One of the subsets within language I've been dissecting internally is how I respond when someone is experiencing emotional discomfort or pain. A typical response is to want to fix it or to bring someone away from that feeling of pain. Have you had an experience where you express your discomfort with someone and they respond with, "well it could be worse", or they compare it to a situation that they are experiencing and say, "at least it's not as bad as what I'm dealing with". This can be said in a much softer tone but still makes us feel like our situation and feelings are being overlooked. Also, we then feel guilt around our experience, that it's not so bad and we shouldn't complain. We do this whole fixing thing because sitting in someone else's discomfort is uncomfortable. And who wants to be uncomfortable, right?? 

So what's another option for us in these sorts of situations? What if we respond with empathy? What if we sit in their discomfort with them? This doesn't mean we need to take on someone else's feelings, but we are simply sitting with them in their discomfort. We hear them. We acknowledge that it sucks. Sure, we can give them a different perspective if we've been consented to do so but we don't try and fix it. 

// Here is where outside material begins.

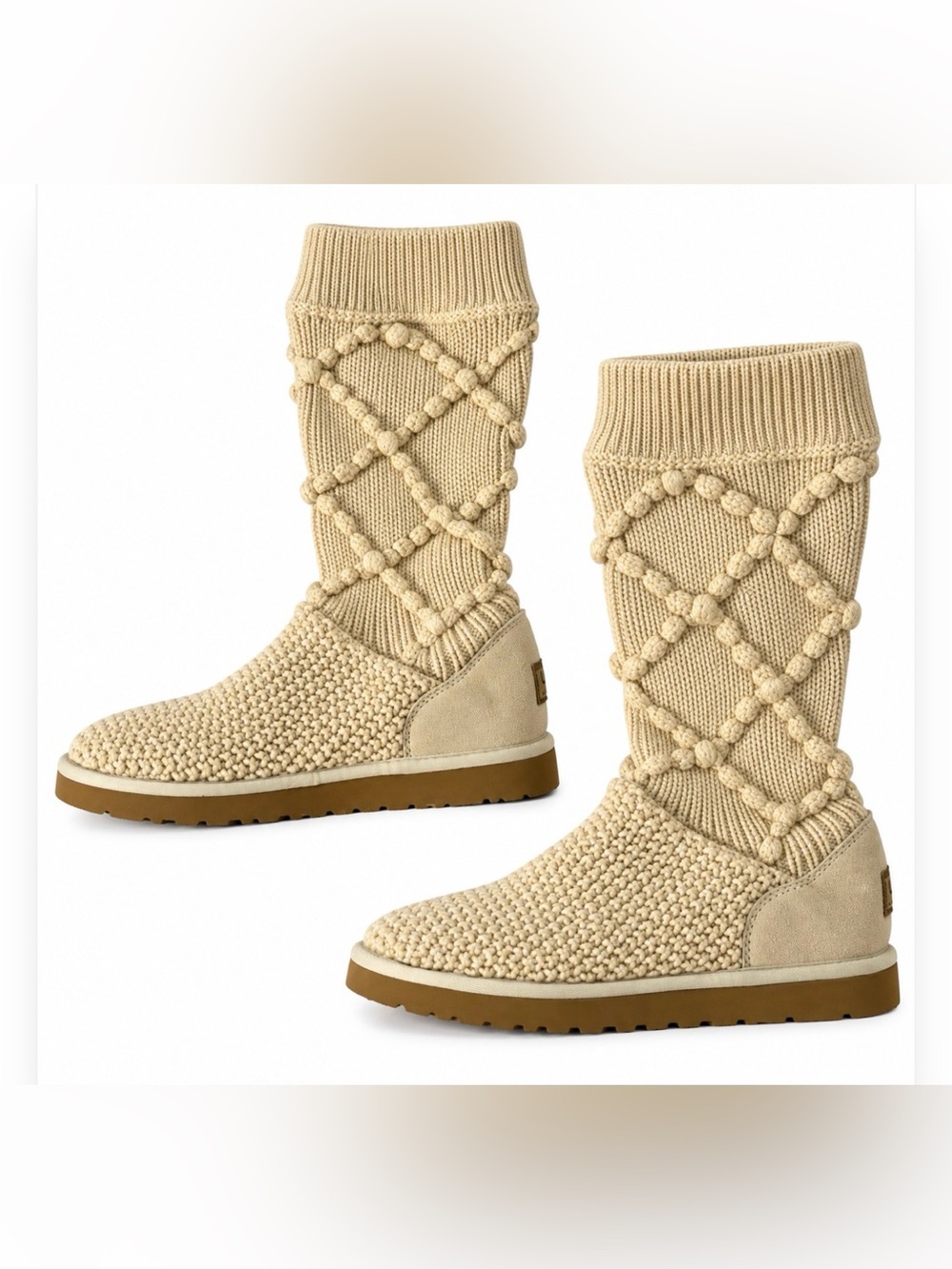 NEVER WORN UGG Women's Knitted Pull-On Boots in Cream Size 7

This requires us to pause and reflect. I had a friend message me recently about something that was occurring in their life. I automatically wanted to fix it. I found myself staring at my phone for a long time. I paused and thought about how I would naturally respond. What is the fix it response? Then I practiced responding while sitting with them in their discomfort. Practice is the key word here people.

Ultimately, we are all on our own journeys. We can't go through someone's emotions for them. We can't fix what's going on in someone else's life. But we can choose to be empathetic and compassionate to those around us. And we can always choose to pause. 

In what ways do you practice pausing while communicating with others?